DESCRIPTION OF THE TASK >>
Within the entries below, please retype exactly the lines starting with the line that has "Апартаменти Apartment Green Задар" and going on through the line that has "Ensemble douche/baignoire, articles", but not the pictures.

INPUT RECORDS >>

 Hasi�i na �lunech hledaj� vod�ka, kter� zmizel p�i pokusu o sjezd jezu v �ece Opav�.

--

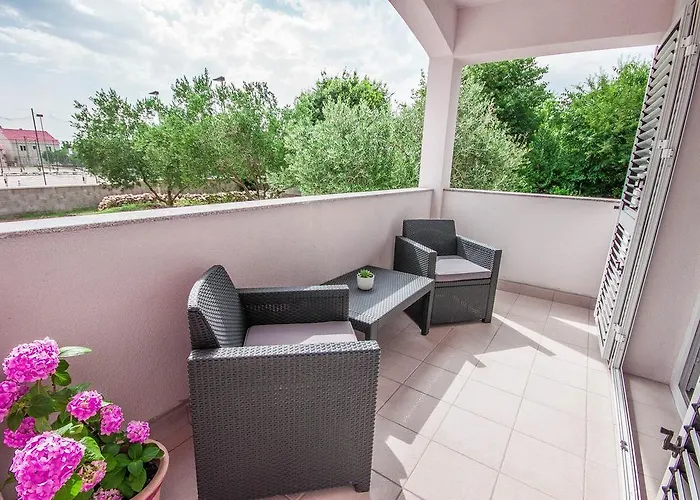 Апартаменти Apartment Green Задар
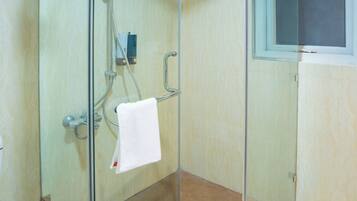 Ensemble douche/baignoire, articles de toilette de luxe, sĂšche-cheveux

EXPECTED OUTPUT >>
 Апартаменти Apartment Green Задар
 Ensemble douche/baignoire, articles de toilette de luxe, sĂšche-cheveux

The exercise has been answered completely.